It’s Time to Stop Taking Trump the Clown Seriously
He is not the man to unite the GOP and then lead the country in the post-Obama era.
When Donald Trump first announced his candidacy for president, we almost didn’t cover it. Trump is a joke, a clown. He is not the man to unite the GOP and then lead the country in the post-Obama era. But then again, you have to have fun with politics every once and a while, and for many reasons he’s resonating with some voters.
“Donald Trump would be a mere sideshow curiosity in the 2016 elections if it were not for his name recognition and entertainment factor,” we wrote last month. Then a funny thing happened. The media latched onto the Trump campaign. According to Real Clear Politics, Trump is polling well among GOP candidates, and he’s running strong in Iowa and New Hampshire. If that continues, the millionaire billionaire of “The Apprentice” fame will be invited to the GOP presidential primary debates, where he is almost sure to make a circus of the whole process.

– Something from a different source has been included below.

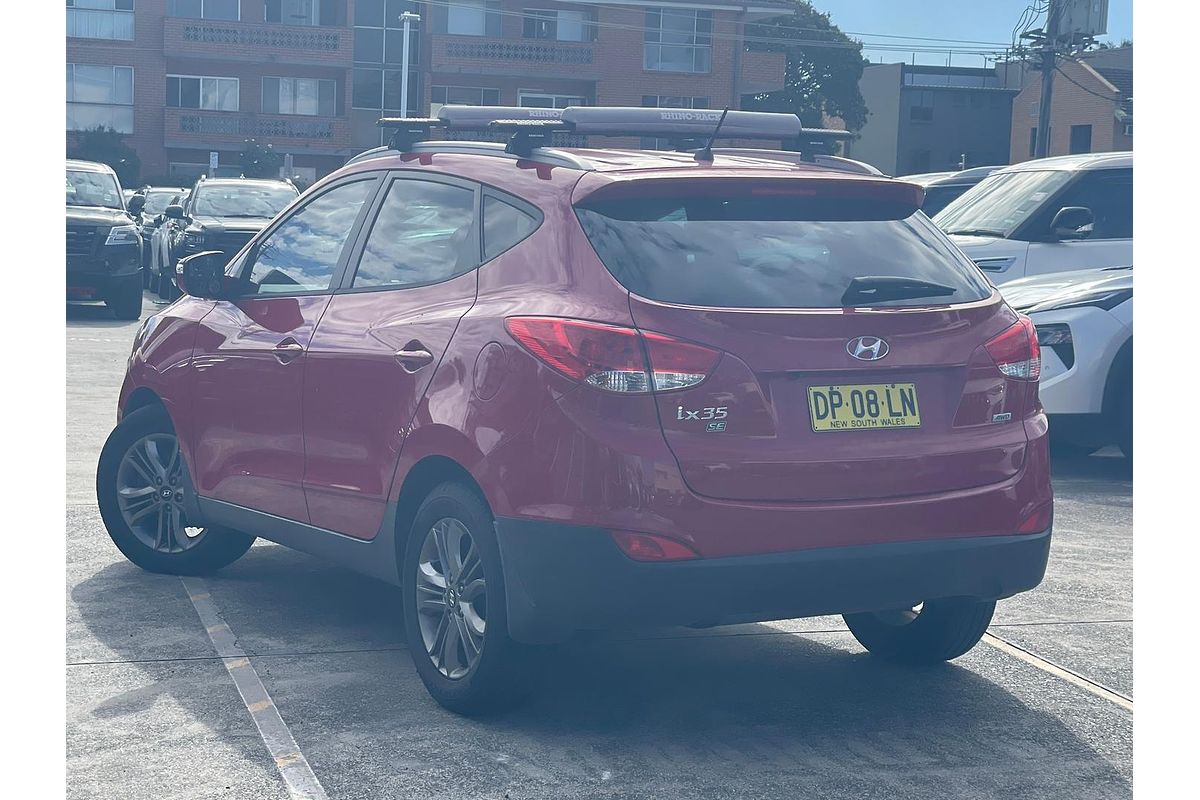 2014 Hyundai ix35 SE Series II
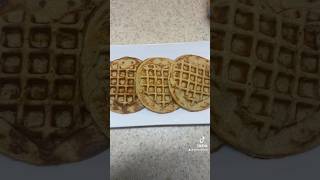 Waffles de avena oatsforbreakfast oatsrecipe waffles food [upl. by Kano]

But why? He’s not truly conservative. He has donated to Democrats and was once a member of the Democrat Party. But he’s pulling GOP support because he’s the anti-establishment candidate withholding nary a punch. In particular, he’s making borderline caustic statements on immigration, and that’s ear candy for Republican voters tired of the lies of Beltway politicos and the deadly fiasco that is our nation’s immigration policy.
Right out of the gate, Trump was dishing out barbs and paper bullets against the woeful state of immigration. In his June 16 announcement speech, Trump opined, “When Mexico sends its people, they’re not sending their best; they’re not sending you. They’re sending people that have lots of problems, and they’re bringing those problems with us [sic]. They’re bringing drugs. They’re bringing crime. They’re rapists. And some, I assume, are good people.”

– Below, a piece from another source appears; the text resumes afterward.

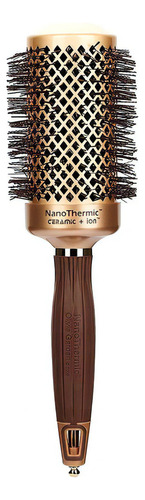 Cepillos De Pelo Olivia Garden Nano Thermic Nt-44 C71614 Color Marrón térmico Olivia Garden NanoThermic marrón 44cm de diámetro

For those comments, NBC Universal stopped doing business with Trump, and the Left generally went apoplectic. Hillary Clinton is “very disappointed.” Other GOP candidates distanced themselves. But instead of running damage control, Trump doubled down.
Trump is both right and wrong. Illegals are indeed committing heinous crimes, and the flood across the border is a major problem. But most immigrants are good, hard-working people, and Trump’s remarks paint with far too broad a brush.
It would be one riot of a sideshow act if the implications for the conservative movement weren’t so dire. Hold the popcorn: Liberty is at stake. But for Trump? This is entertainment and he — he alone — is center stage, all eyes on him.
Trump is a loose cannon with a massive ego. He once sued a writer who said Trump was worth millions, not billions. If Trump is willing to go after his personal enemies, perceived or otherwise, with that much vigor over that small a slight, then Watergate and Obama’s IRS scandal will be nothing in the annals of political power abuse. Do we really want to call this petty man commander in chief?
So why is he garnering any support at all?
The rise of Trump highlights one of the major fault lines in the Republican Party. Simply put, he’s speaking tough on immigration. And a good percentage of conservatives rightly see the Grand Old Party as complicit in the face of the Left’s immigration agenda. Just a few months ago, Barack Obama spat upon the Constitution when he unilaterally granted amnesty to five million illegal immigrants through executive action. And what did the Republicans in Congress do? They rolled over and funded the project. For some conservatives, it was the hill to die on. Indeed, 26 states stepped up to check the executive power in court.
Immigration is a huge problem the GOP needs to address, but Trump is not the answer.
We often warn of the dangers of fratricidal infighting, warning that it stalls the message of Liberty. If Trump walks onstage to participate in the GOP presidential primary debates, then the whole conservative movement suffers. The faux conservative embodies an embarrassing caricature of conservatism. His bombastic temperament only serves to drive away people that desperately need to hear the message of Liberty.
“If Donald Trump were a Democratic mole placed in the Republican Party to disrupt things, how would his behavior be different?” political analyst George Will wondered. “I don’t think it would be.”
“This is the strongest field of Republican candidates in 35 years … and instead all of our time is spent discussing this rodeo clown,” lamented commentator Charles Krauthammer.
We stand at a crossroads in conservatism. For eight years, this country has given the mad political scientists of the Left free reign to create a socialist monster. What is our answer? This election cycle, we may choose another Reagan, one that will influence the conservative movement for decades. That candidate isn’t Donald Trump.